In the 2021 Qualtrics XM Employee Experience Trends Study, 92% of those surveyed believe it’s important that their company listens to feedback, yet only 7% say their company acts on feedback well.

One of the best ways a service leader can engage their team is by listening to them. Begin by asking your team a simple question, “How can I help you do your job better?” The voice of the team can be about improving the employee or customer experience, improving workplace culture, efficiency, or improving business processes and systems.

The frontline team hears many customer pain points through their conversations such as, ‘It would be easier if…’ or ‘It is so difficult when…’. When the frontline hears this from the customer and knows their voice is valued and an integral part of their role, they will be far more alert to opportunities for capturing customer insights. Listening to employee feedback and translating it into action has a positive effect on the employee experience. When employees feel a company acts well on feedback, their engagement is more than double that of team members who feel it’s not acted on or acted on only slightly.

Leaders who don’t listen will eventually be surrounded by people who have nothing to say.
— Andy Stanley

The five steps of feedback include:

Ask

Listening to feedback is integral, but having a structured avenue to collect it is even more important to capture these moments as they arise.

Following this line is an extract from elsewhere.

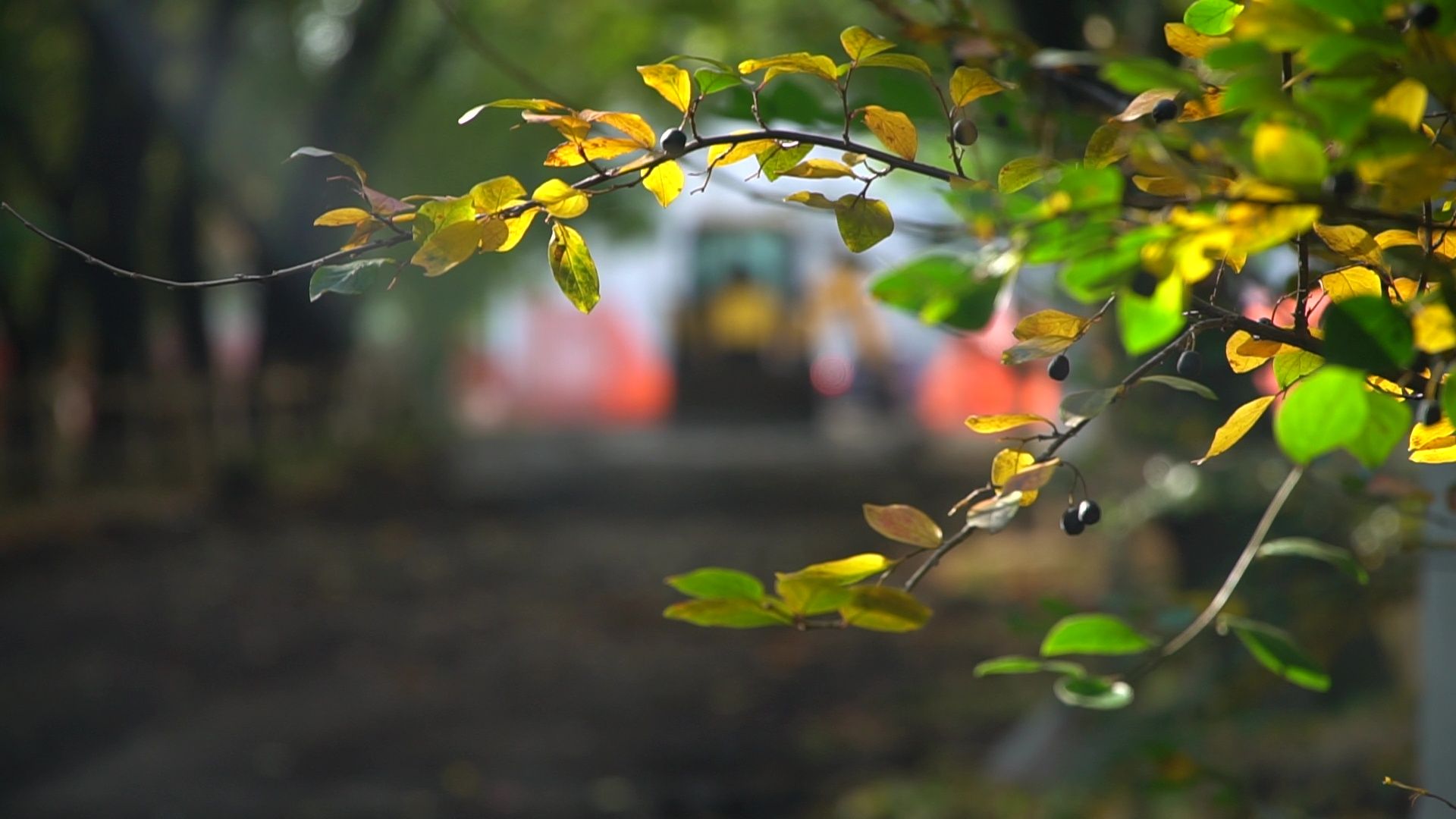 Реутов, благоуствойство, сквер, работы по благоустройству,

This can include a range of methodologies, from a formal survey to ongoing in-the-moment channels in team meetings, informal catch-ups or one-on-ones. The Hilton Hotel chain, a company that excels at employee and customer listening, surveys their location employees daily. These quick surveys are analysed and compared with daily customer surveys so the team can immediately see if a location has issues. For example, if the cleaning team has problems with the equipment, they speak up. And sure enough, it has a direct impact on customer net promoter scores.

 

Listen

Listening is one of the most important attributes of a service leader — listening to the words spoken and what is unsaid. Creating space to listen, encouraging everyone’s ideas (not just the vocal team members) and providing time and space are crucial in gaining ideas and input.
 

Feedback

Surveys are a significant opportunity to let the team know they have been heard. But don’t just ask for feedback; share the results. That includes being transparent by ensuring feedback is shared across the organisation, then followed up with action. The best way to have team members respond flippantly or hit the delete button when an engagement survey arrives is if you never share the results. The organisation risks employees not taking the survey seriously and becoming disengaged. The lack of a feedback loop triggers apathy and demotivation.

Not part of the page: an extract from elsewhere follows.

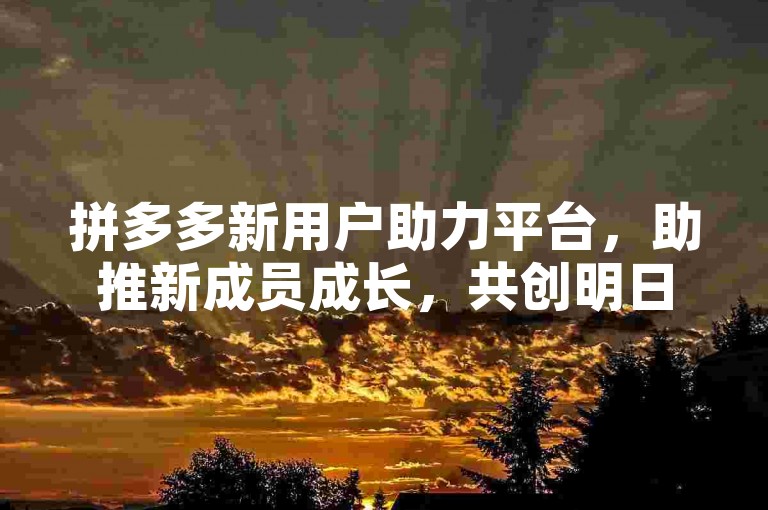 拼多多新用户助力平台，助推新成员成长，共创明日辉煌。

Give feedback on feedback. The team may come to you with ideas that cannot be implemented because of time, cost or resources. Respond anyway. Hearing nothing is demotivating. It’s incredibly powerful when a leader takes time to speak with the team member or team about how much they appreciate and value the ideas and explains why their idea cannot be progressed. Closing the loop is a crucial component of building a listening culture. Further data from Qualtrics shows that listening without taking action results in worse engagement than if you don’t have a listening program at all.


Implement

Ideas without action are a waste. Creating working groups and giving the team time and space to work on improvement initiatives are all part of successful implementation. Quick wins are always inspiring, while others take time and form part of longer-term projects. Involve the team and give them autonomy and empowerment to implement the ideas. Be available as a listening ear.


Recognise

Celebrating ideas from individuals or teams that have improved the customer or employee experience, productivity, or technology, it has a powerful impact on morale, motivation and continuing to give feedback.
 

David Abney was nineteen years old when he joined the shipping and logistics company UPS, loading packages onto vans at the local depot at night to make extra money while he was studying. Forty years later, Abney had risen through the ranks to become CEO of the company. He credits much of his success to listening intentionally to employees. One of the first things Abney did upon being named CEO was to go on a worldwide listening tour. He invited the company’s employees and customers to tell him what they thought the company should focus on going forward. One anonymous UPS employee shared, ‘When David issued a call for ideas, many of which were actually implemented, it was almost earth-shattering. We couldn’t believe leadership was finally listening and taking action on our recommendations.’

If the team knows their voice matters to leadership and the organisation, it will have a profound impact on service culture. The team often has many brilliant ideas for improving the customer experience. Make employee listening a cultural value and create a place of psychological safety where people know it is safe and they are encouraged to speak up.

What can you do to encourage the voice of your team?